Short text fragments from websites:
========================================
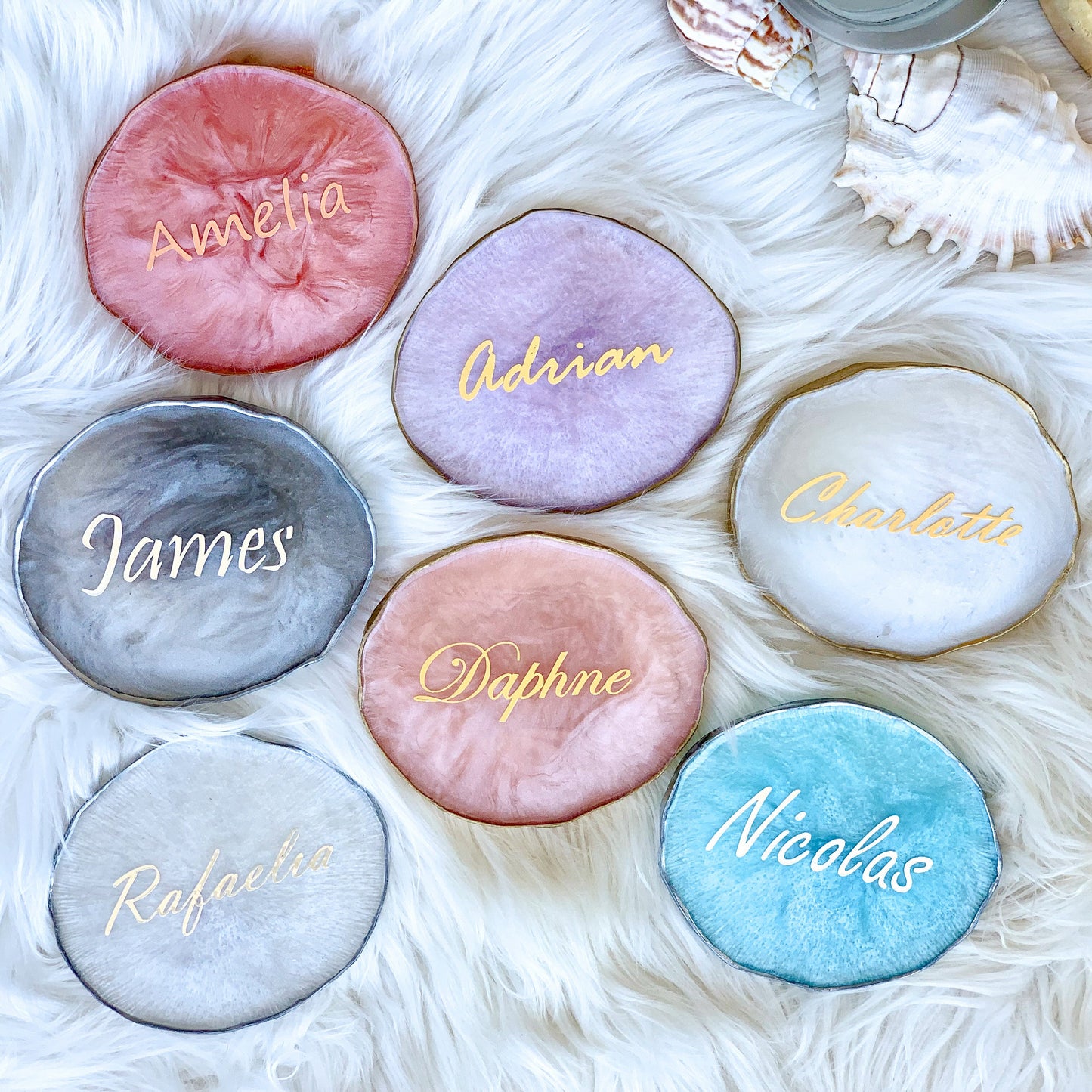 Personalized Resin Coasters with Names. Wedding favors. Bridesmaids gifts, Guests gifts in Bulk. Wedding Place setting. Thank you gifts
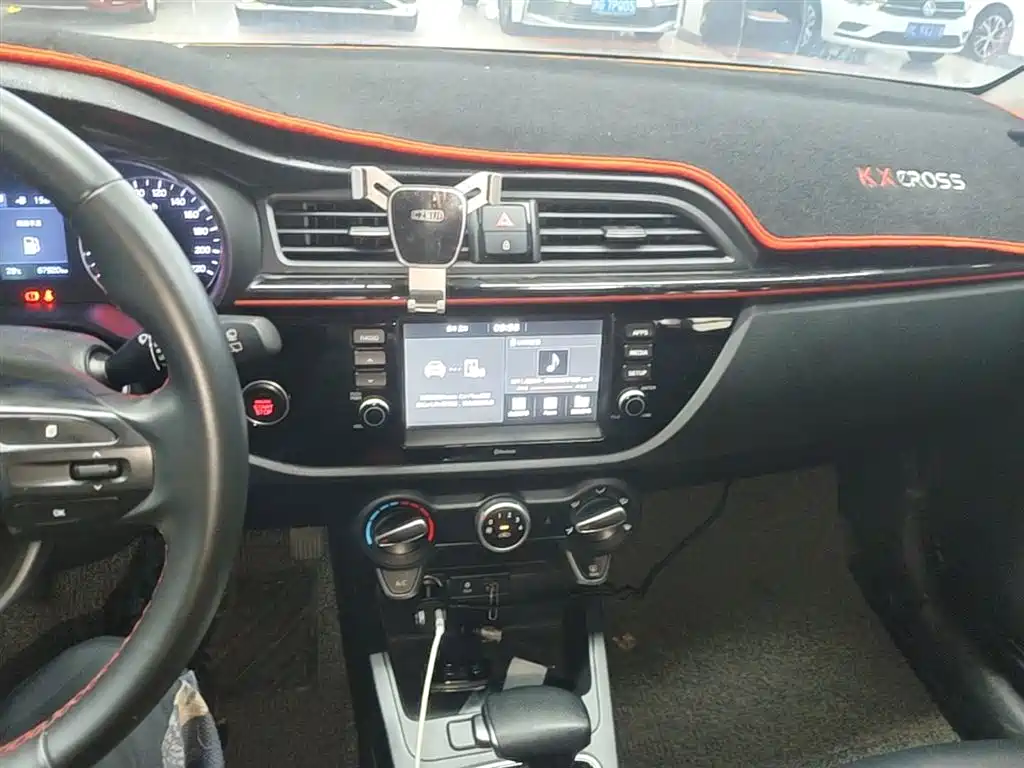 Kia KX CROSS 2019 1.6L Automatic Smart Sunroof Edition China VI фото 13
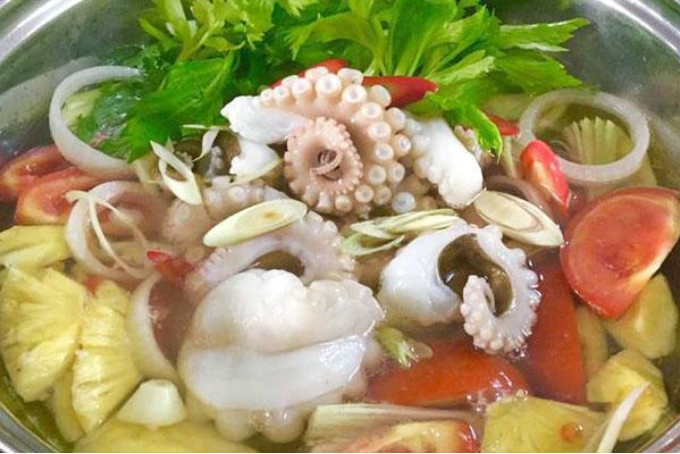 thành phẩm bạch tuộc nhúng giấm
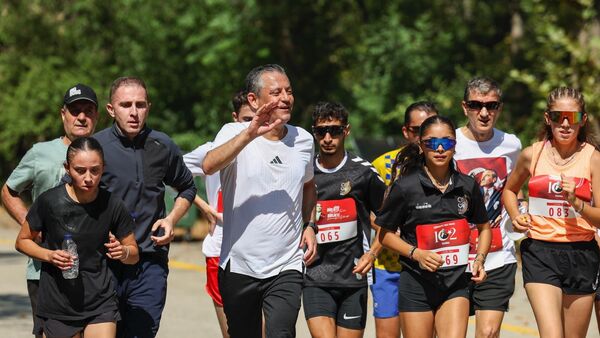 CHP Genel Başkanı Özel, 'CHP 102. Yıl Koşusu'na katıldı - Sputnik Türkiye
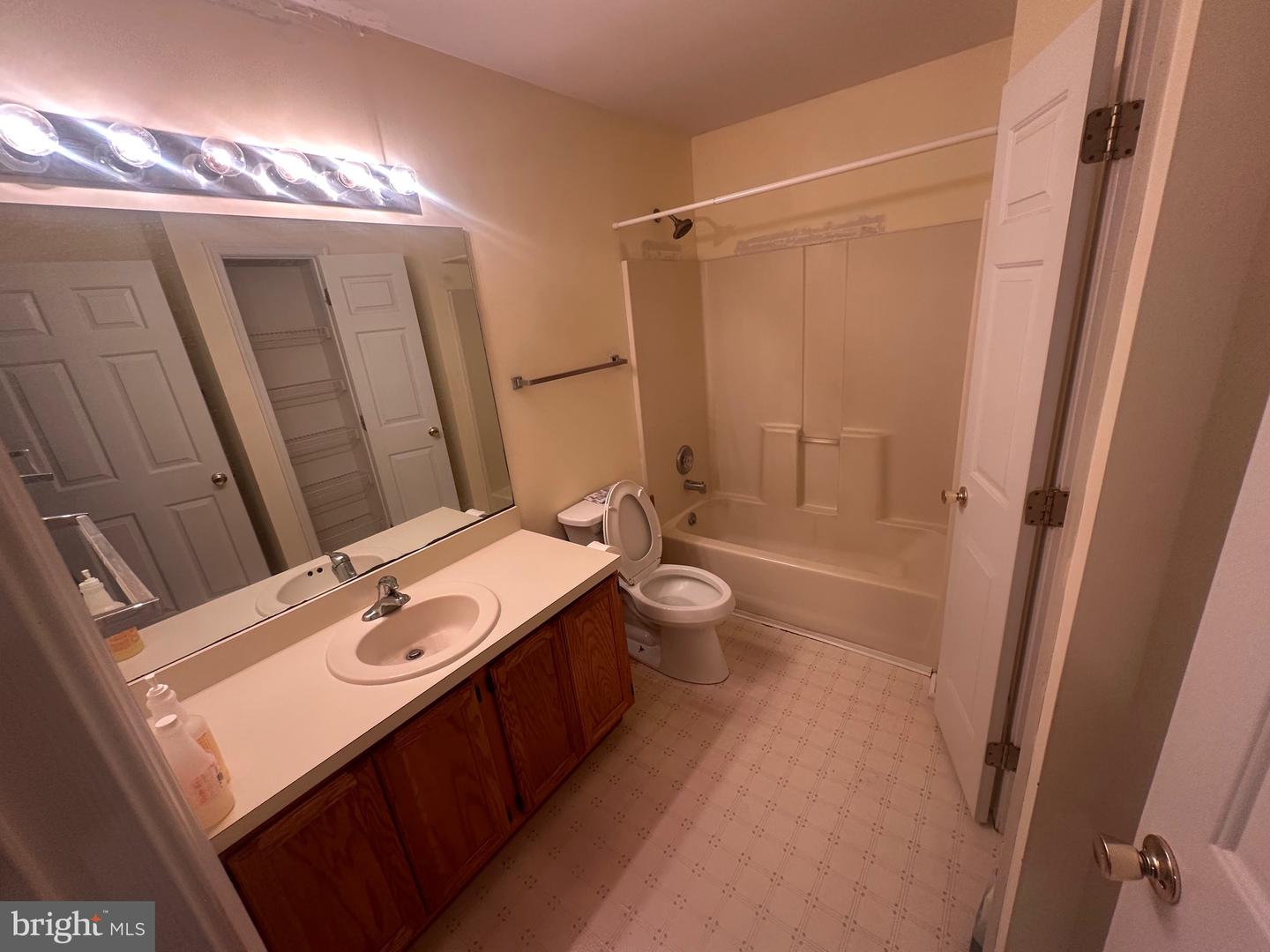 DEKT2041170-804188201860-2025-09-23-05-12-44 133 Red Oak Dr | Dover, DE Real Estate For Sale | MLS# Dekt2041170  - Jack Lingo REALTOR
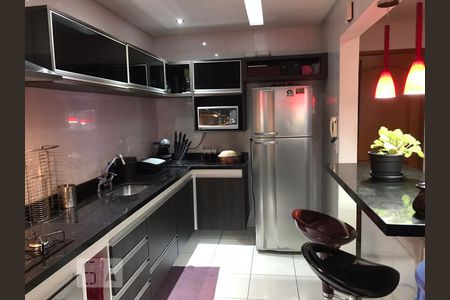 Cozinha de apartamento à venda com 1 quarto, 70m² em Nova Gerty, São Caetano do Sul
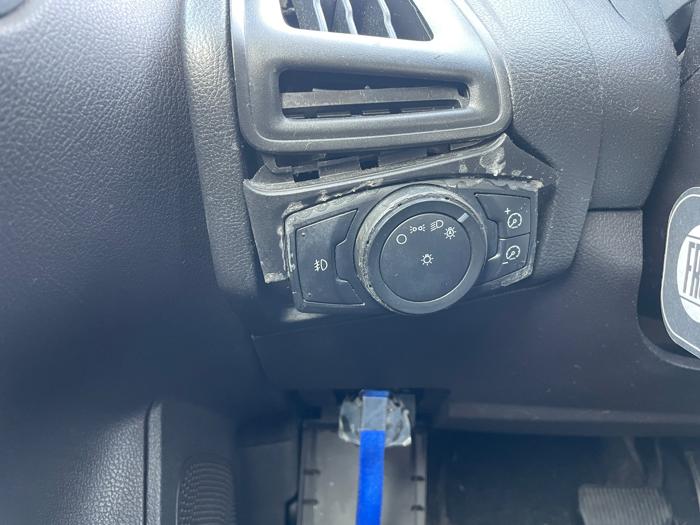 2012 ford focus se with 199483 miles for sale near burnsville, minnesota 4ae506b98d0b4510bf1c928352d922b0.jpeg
========================================
**AIM OF THE TASK:** A faithful reproduction of every entry, with no pictures, is the expected answer.

**WRITTEN ANSWER:**
 Personalized Resin Coasters with Names. Wedding favors. Bridesmaids gifts, Guests gifts in Bulk. Wedding Place setting. Thank you gifts
 Kia KX CROSS 2019 1.6L Automatic Smart Sunroof Edition China VI фото 13
 thành phẩm bạch tuộc nhúng giấm
 CHP Genel Başkanı Özel, 'CHP 102. Yıl Koşusu'na katıldı - Sputnik Türkiye
 DEKT2041170-804188201860-2025-09-23-05-12-44 133 Red Oak Dr | Dover, DE Real Estate For Sale | MLS# Dekt2041170  - Jack Lingo REALTOR
 Cozinha de apartamento à venda com 1 quarto, 70m² em Nova Gerty, São Caetano do Sul
 2012 ford focus se with 199483 miles for sale near burnsville, minnesota 4ae506b98d0b4510bf1c928352d922b0.jpeg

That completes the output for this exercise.